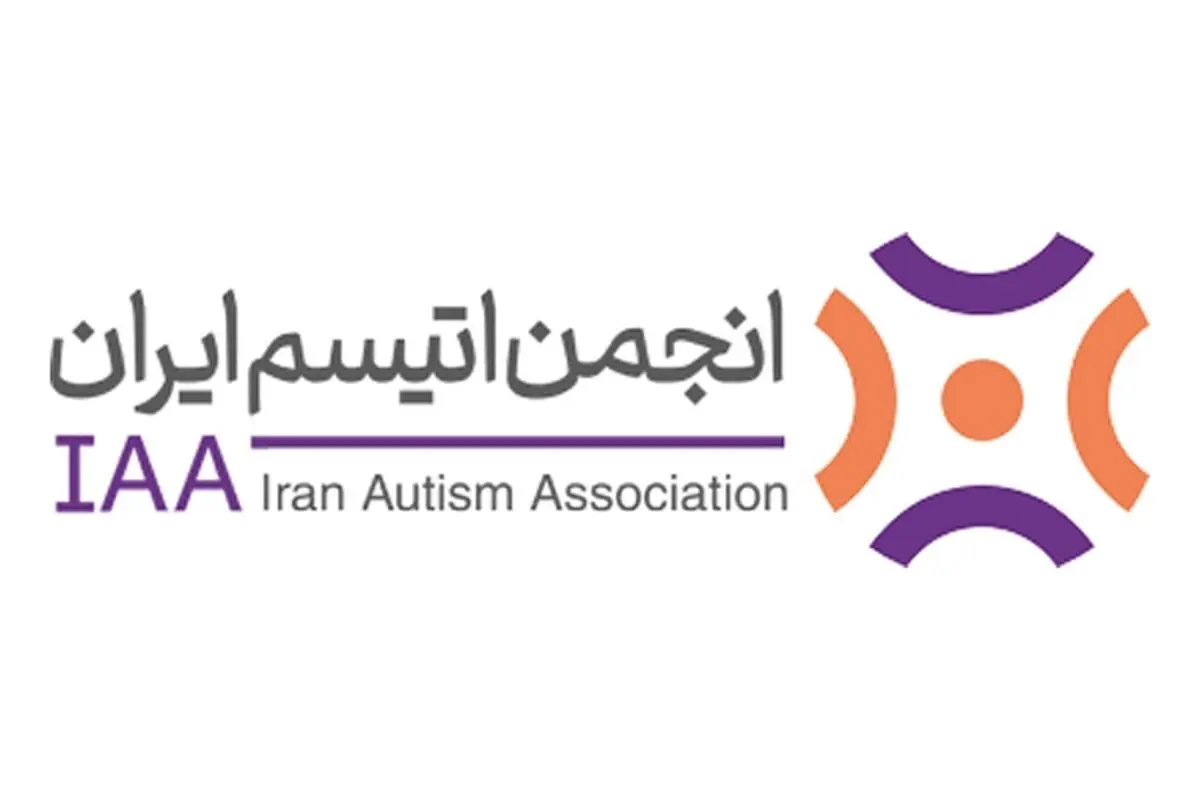 اطلاعیه انجمن اتیسم ایران درباره مصرف استامینوفن (تایلنول) در دوران بارداری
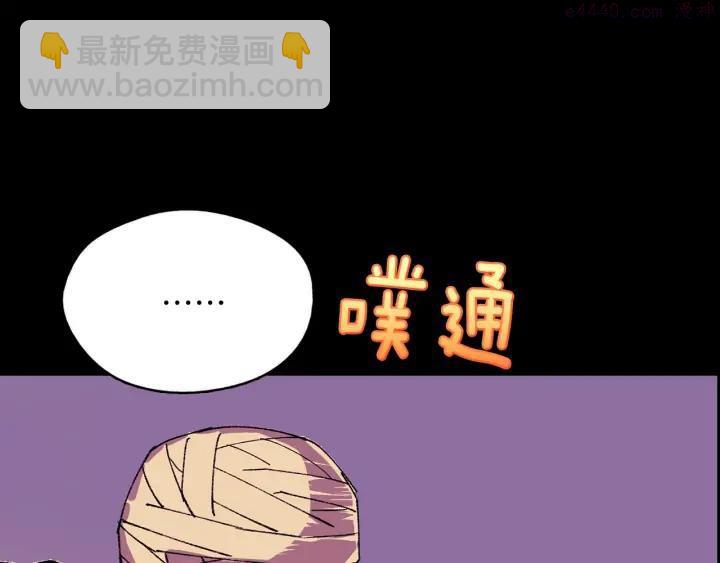第171话 骗子原理2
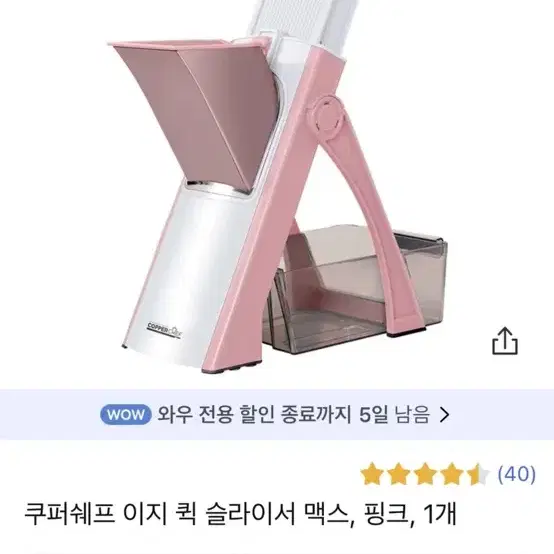 채썰기 기계 / 쿠퍼셰프 이지퀵슬라이서  새제품 / 채썰기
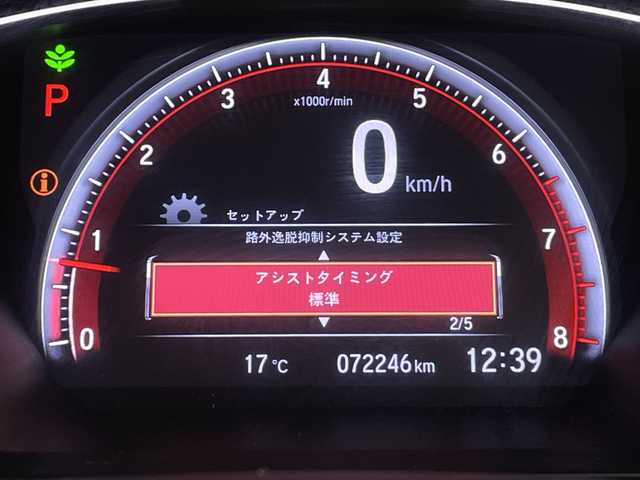 ホンダ シビック ハッチバック ホンダセンシング 群馬県 2019(令1)年 7.3万km クリスタルブラックパール 純正エアロ　純正ナビ　バックカメラ　ビルトインＥＴＣ　衝突被害軽減ブレーキ　レーンアシスト　アダプティブクルーズコントロール　ＬＥＤヘッドライト　オートマチックハイビーム　シートヒーター　禁煙車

#### Work instruction:
Only the lines from the one holding "第171话 骗子原理2" through the end of the data are to be printed, exactly as they stand and with no pictures.

#### Output below:
第171话 骗子原理2
 채썰기 기계 / 쿠퍼셰프 이지퀵슬라이서  새제품 / 채썰기
 ホンダ シビック ハッチバック ホンダセンシング 群馬県 2019(令1)年 7.3万km クリスタルブラックパール 純正エアロ　純正ナビ　バックカメラ　ビルトインＥＴＣ　衝突被害軽減ブレーキ　レーンアシスト　アダプティブクルーズコントロール　ＬＥＤヘッドライト　オートマチックハイビーム　シートヒーター　禁煙車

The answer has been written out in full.